Extract string has letters and numbers from text

Hey guys,
I’m trying to extract some string by some conditions from a string and i’m not sure if it’s possible with one regular expression.
This is my string for example:

string bla bla bla sj4i2 text text

What i need to extract is letters and numbers in one word, in that case is “sj4i2”
It’s must contain letters and numbers, but can also contain “-_.$&”

What approach do i need to go here?
Thanks!

Have you started with anything yet?

This gets close. I’m not sure it gets you the whole way to where you want to go…and I’m sure there’s a more elegant way…

([a-z]+[0-9]+[-_.$&]*)
1 Like

I’m thinking about approach of grab all matches into array and then check them separately…not sure if there’s any shorter way…

@DaveMaxwell
Thank you, this is working only in this order “letters numbers signs” unfortunately i don’t know what order it will be.
Sorry i wasn’t clear about it.

If they can occur in any order it would be ([a-z0-9_.$&-]+)

1 Like

I tried that but that picks up bla as well…

Correct, i guess the only solution is more than 1 preg match?

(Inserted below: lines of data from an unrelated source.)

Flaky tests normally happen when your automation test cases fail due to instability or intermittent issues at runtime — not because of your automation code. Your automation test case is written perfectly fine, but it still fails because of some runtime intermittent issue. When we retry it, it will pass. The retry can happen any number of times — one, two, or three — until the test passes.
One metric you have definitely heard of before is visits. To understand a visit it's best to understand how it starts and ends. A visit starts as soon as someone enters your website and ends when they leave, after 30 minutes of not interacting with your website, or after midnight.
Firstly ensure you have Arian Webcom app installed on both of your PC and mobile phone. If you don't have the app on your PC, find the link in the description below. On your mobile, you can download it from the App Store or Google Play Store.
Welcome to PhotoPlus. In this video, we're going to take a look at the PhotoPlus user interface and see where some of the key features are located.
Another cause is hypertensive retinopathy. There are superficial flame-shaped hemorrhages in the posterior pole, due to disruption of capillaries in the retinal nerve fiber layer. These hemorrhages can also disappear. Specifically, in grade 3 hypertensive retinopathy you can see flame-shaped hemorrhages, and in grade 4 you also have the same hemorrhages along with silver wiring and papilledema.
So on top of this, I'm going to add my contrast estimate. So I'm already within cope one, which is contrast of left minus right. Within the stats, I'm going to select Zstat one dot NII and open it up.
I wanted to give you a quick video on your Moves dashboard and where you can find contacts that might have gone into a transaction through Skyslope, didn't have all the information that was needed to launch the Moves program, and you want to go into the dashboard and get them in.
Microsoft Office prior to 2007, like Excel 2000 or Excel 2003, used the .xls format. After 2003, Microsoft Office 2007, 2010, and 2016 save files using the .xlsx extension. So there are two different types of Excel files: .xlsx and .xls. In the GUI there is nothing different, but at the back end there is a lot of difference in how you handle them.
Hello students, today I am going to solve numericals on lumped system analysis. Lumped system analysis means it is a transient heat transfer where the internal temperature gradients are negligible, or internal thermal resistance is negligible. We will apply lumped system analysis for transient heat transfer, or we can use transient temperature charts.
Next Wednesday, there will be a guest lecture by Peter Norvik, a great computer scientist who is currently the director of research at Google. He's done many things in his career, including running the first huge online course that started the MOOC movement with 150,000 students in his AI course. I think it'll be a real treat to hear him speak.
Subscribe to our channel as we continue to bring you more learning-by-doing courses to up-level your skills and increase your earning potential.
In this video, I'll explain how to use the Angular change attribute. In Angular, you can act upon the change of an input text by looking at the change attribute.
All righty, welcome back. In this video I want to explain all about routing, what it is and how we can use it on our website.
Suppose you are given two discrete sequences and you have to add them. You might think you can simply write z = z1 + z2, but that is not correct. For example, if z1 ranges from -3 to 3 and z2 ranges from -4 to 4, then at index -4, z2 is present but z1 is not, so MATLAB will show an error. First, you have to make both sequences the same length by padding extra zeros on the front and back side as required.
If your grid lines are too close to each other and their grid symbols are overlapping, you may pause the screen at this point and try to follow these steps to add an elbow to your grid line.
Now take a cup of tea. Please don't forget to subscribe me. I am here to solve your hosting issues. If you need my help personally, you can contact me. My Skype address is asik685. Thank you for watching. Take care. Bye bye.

Actually, I looked at that, and my solution doesn’t work either…it returns sj4 and i2 as separate matches… :frowning:

1 Like

This could be a problem. In order to be able to use regex to match a pattern, knowing would should be matched and what shouldn’t be matched is essential.

I’m assuming

  • the pattern will never match spaces
  • there will always be at least one letter and one numeric character
  • there may also so be certain “special” characters
  • the order and number of characters will vary

Can you post representative lists of possible correct and incorrect matches? eg.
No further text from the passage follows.